El hecho se da en el contexto de un debate muy profundo sobre la ética de las instituciones públicas en una democracia, y los principios y valores que sustentan al Estado y su accionar en todo momento. Incluso más allá de los penosos hechos que generaron la discusión.



La exigencia que se hacía a la Corte Suprema no era un mea culpa, concepto demasiado eclesial e impropio para el funcionamiento de una República que se declara laica en todos sus fundamentos.
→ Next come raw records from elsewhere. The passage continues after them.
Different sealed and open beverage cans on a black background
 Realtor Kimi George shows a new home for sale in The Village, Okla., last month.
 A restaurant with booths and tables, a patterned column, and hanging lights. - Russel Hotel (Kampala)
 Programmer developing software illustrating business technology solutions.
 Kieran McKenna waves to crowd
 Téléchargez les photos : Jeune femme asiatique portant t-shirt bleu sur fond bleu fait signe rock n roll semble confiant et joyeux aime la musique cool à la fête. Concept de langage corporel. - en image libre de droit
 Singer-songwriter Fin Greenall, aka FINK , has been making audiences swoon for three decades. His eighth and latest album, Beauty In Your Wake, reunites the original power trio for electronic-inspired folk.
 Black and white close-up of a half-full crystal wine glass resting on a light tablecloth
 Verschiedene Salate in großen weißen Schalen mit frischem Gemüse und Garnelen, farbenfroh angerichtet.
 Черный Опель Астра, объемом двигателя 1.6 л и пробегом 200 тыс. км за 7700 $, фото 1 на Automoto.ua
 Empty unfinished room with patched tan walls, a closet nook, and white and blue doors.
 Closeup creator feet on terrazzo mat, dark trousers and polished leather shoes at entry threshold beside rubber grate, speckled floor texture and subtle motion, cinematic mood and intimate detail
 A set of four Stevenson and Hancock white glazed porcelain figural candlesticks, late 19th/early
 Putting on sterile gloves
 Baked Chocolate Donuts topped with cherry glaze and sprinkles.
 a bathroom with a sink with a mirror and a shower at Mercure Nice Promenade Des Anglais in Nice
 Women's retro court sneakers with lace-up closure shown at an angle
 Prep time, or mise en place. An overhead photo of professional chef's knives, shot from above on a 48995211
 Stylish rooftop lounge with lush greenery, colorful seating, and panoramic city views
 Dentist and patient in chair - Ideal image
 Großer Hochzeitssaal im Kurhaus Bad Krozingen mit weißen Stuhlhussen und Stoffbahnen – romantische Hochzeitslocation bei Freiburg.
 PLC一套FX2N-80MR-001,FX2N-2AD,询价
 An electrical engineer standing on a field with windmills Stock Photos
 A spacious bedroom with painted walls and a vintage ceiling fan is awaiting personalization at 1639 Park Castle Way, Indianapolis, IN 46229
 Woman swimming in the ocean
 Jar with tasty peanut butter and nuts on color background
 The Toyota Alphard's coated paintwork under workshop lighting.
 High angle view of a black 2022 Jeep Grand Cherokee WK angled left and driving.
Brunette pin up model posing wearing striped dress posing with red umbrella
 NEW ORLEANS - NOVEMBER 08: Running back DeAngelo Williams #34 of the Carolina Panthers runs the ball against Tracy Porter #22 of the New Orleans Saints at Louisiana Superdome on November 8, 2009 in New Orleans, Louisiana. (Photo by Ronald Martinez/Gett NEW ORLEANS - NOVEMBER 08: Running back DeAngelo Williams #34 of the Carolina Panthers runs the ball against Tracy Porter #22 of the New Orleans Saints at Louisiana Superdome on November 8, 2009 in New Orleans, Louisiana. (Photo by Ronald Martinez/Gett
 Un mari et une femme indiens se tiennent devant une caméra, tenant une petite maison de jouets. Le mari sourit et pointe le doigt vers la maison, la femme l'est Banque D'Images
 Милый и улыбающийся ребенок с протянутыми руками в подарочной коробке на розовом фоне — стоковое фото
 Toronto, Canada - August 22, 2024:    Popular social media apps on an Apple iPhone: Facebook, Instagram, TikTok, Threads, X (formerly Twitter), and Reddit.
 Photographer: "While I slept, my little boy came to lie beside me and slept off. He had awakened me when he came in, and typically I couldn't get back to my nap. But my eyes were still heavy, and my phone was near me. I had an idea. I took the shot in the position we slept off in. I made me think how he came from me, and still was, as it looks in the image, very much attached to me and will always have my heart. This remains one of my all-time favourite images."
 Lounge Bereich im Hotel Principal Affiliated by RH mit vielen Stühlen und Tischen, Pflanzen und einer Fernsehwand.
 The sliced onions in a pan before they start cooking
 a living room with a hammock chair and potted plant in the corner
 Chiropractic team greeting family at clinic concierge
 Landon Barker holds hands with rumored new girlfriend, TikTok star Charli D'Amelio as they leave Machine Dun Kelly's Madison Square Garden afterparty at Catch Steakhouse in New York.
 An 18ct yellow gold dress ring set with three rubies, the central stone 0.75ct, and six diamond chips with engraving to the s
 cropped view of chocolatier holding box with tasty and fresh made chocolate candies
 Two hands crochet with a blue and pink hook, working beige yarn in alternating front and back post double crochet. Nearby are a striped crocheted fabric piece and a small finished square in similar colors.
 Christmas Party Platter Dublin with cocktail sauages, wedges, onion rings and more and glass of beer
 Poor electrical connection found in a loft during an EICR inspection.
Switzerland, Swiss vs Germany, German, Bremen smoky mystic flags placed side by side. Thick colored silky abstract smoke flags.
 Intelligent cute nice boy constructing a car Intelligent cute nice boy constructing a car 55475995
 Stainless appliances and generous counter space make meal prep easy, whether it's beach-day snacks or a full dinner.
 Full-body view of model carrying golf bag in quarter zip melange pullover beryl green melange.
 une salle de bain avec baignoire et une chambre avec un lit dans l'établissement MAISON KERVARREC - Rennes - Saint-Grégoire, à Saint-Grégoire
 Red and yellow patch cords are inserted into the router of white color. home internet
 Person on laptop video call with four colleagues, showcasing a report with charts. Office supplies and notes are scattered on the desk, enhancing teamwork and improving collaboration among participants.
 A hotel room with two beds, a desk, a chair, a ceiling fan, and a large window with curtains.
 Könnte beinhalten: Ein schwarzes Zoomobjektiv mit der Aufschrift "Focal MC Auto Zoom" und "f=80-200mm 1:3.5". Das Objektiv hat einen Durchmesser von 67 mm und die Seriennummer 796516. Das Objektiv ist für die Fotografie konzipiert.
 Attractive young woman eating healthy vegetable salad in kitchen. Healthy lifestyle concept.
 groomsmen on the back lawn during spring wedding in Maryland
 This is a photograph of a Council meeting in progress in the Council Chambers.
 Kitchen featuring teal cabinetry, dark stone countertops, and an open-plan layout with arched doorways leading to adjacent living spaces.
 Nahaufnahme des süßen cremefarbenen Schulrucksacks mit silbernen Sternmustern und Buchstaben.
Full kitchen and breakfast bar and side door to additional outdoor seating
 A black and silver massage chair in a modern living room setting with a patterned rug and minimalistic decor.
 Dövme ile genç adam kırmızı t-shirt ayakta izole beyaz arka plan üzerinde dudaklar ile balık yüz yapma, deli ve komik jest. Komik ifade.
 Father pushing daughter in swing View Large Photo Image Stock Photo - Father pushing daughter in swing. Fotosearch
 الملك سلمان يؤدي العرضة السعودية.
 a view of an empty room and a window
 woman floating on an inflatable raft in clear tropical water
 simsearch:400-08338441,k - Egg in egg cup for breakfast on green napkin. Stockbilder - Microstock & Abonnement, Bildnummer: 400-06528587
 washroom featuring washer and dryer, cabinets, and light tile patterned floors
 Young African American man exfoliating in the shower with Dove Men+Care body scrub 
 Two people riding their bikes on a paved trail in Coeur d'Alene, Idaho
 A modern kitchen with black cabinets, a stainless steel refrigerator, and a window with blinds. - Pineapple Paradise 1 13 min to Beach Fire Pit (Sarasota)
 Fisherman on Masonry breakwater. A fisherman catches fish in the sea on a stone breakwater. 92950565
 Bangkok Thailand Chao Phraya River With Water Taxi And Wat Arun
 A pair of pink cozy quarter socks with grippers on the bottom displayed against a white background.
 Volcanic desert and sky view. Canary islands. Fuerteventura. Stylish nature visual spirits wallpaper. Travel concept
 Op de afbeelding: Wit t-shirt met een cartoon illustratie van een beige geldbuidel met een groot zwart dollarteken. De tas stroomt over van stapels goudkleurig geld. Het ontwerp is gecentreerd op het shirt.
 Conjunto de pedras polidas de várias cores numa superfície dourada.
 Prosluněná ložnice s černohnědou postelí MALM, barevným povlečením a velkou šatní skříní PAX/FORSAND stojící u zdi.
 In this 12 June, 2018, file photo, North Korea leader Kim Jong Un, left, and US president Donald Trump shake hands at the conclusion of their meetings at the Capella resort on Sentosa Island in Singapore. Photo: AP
Lo que el país esperaba era una potente señal de juridicidad que hubiere permitido medir no el comportamiento histórico de ese alto tribunal bajo la dictadura, sino el modo de actuar institucional, que a juicio de uno de los tres poderes del Estado, debe tener un tribunal de justicia en cualquier circunstancia.



Lamentablemente, la Corte Suprema emitió una señal equívoca que podría servirle como soporte a cualquier juez de la República para volver a actuar de una manera genuflexa frente al poder cuando no cuente con la "cooperación efectiva de los organismos o autoridades correspondientes", o para ampararse en argumentos como "reconocer también que probablemente ello (se refiere a tratar de llevar una acción más eficaz) no habría tenido resultados significativos, tal como lo demuestra la experiencia universal sobre la real eficiencia del recurso de amparoÂ…"



Son muy pocos los momentos en la historia institucional de un país en que por alguna circunstancia, un debate, una controversia, un acto constitutivo, trasciende la voluntad de los actores políticos, para proyectarse como un momento fundacional de la nación. Que conlleva la explicitación doctrinaria de principios y valores que sostendrán y orientarán el funcionamiento del andamiaje institucional de la sociedad en su conjunto.



A ello hacen referencia los norteamericanos cuando acuden al ideario de los Padres Fundadores para debatir sus problemas. O la apelación inglesa al Bill of Rights. No se trata de la generación de elementos contractuales para el funcionamiento de la sociedad, ni siquiera expresión de acuerdos coyunturales, sino principios de amplia legitimidad que permiten trazar los límites, tanto en lo público como en lo privado, de lo que es correcto de lo que no lo es. Ese es el punto en que se encuentra el debate sobre ética y derechos humanos en Chile, y a ese sentido hay que remitir lo que los actores políticos digan o hagan, principalmente aquellos que representan los poderes del Estado.



La Corte Suprema, cabeza del Poder Judicial, no ha entendido esto, y se urge en un debate acerca de las responsabilidades iguales y el empate ético por lo actuado. Es más, con un realismo moral y jurídico ramplón, se ha echado a la espalda uno de los debates más trascendentes para el desarrollo del Estado moderno, especialmente el relativo a su personalidad moral, a su permanencia en el tiempo, y a la responsabilidad de su representación.



Así, ha dejado pendiente y abierto un pronunciamiento de fondo acerca de la doctrina que debe sustentar el comportamiento de los jueces y tribunales en situaciones de excepción, particularmente en el caso de violaciones a los derechos humanos.